* Deployment of the European Space Agency's (ESA) Mars Express Sub-Surface Sounding Radar Altimeter, which will look for subsurface water ice, has resumed after a short delay. The first of the radar's three booms had deployed only 12 of its 13 segments. ESA decided the cold could have affected the glassfibre, Kevlar booms and reoriented the Mars Express orbiter to let the Sun warm the boom – and it worked. The remaining two booms will be deployed this week.
* Orbital Sciences is to compete against Space Exploration Technologies' Falcon 1 to provide responsive space launches under a US Air Force contract worth up to $100 million. Orbital is offering two small air-launched boosters: Raptor 1, released from beneath a carrier aircraft and similar to its Lockheed L-1011-launched Pegasus; and Raptor 2, parachute-extracted from a USAF Boeing C-17 transport.

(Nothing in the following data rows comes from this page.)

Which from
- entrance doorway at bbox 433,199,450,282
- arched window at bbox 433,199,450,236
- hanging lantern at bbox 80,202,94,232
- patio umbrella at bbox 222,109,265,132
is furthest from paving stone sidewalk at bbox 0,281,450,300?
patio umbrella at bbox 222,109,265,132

* Alliant TechSystems (ATK) has ground-tested deployment and attitude control of a 20 x 20m (65 x 65ft) solar sail in a vacuum chamber at NASA Glenn Research Center. The carbonfibre coilable masts between the sail segments, which tension the reflective film, weigh less than 70g/m when sized for an 80m sail, says ATK, while allowing the system to be compacted by a factor of 100 for launch.